Sabbir Khan’s Heropanti sets itself in the Jatland of khap panchayats and honour killings. When local goon Chaudhary’s (Prakashraj) older daughter Renu elopes on her wedding night with Rakesh, all the male members of the family grab their guns and lathis and set off in search of her, clear that once she is found she will be killed.
The thugs first round up Rakesh’s friends, including Bablu (Tiger Shroff) who is repeatedly accused of doing Heropanti to which he has the same standard reply: ‘doosron ko aati nahin; meri jaati nahin’ (Others don’t know how to; I don’t know how not to).

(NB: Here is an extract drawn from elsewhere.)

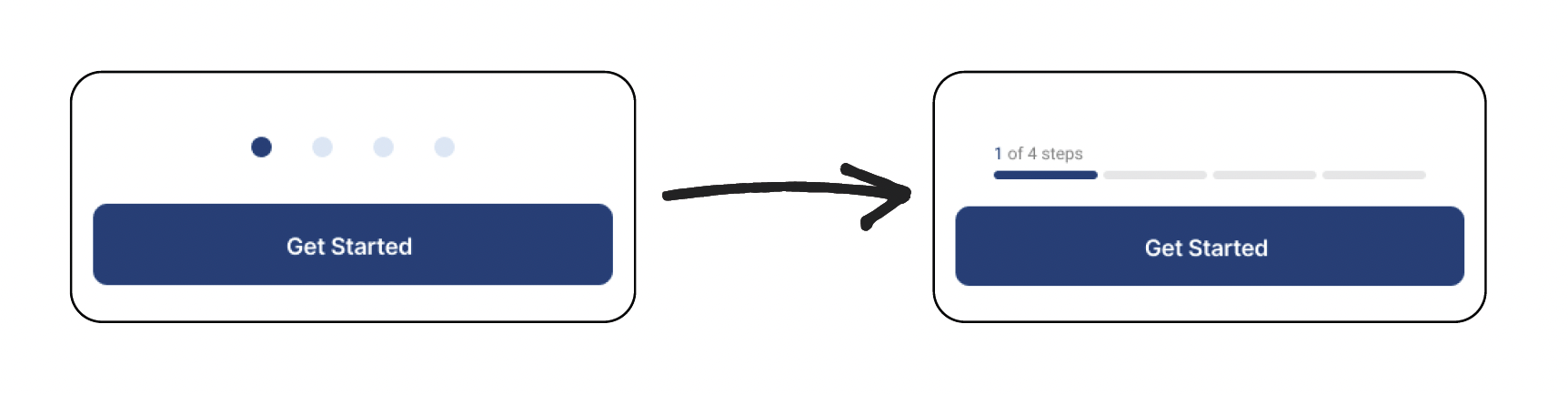 Onboarding eye-tracking evidence used to inform the Inline onboarding iteration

There also no explanation why some NRI is also incarcerated with Rakesh’s three college friends and why, even when afforded the opportunity to escape, they never do!
Bablu falls in love with Chaudhary’s younger daughter Dimpy (Kriti Sanon) setting up the twist in this tale. Will she cross her father knowing the possible consequences, will Bablu whisk her away or will the father do the honorable thing? Prakashraj’s character as the conflicted father is the only one that is given layering.
This is exactly what a launch vehicle for a star kid looks – an introduction scene in which he bashes up a dozen guys single handedly while also utilizing all the equipment in a gym. Later on he gets to throw of his shirt (more than once) and show off a well-cultivated physique. He also leaps off buildings and flips around spaces. He has songs, dances and a romance, but these three departments are Tiger Shroff’s greatest weakness. He needs to work on his lips synch and feel the songs to be convincing. In scenes focused on Tiger, if it weren’t for the background music, I wouldn’t know what to feel. This Tiger does not have a roar, yet.
Sanon simply adds eye-candy to this shallow work. The chemistry between her and Tiger is as combustible as trying to light a match in the rain.
Heropanti is only marginally more engaging than Khan’s earlier debacle, Kambakkht Ishq.
I would like to see Vidyut Jamval and Tiger Shroff in an action movie face off! Any takers?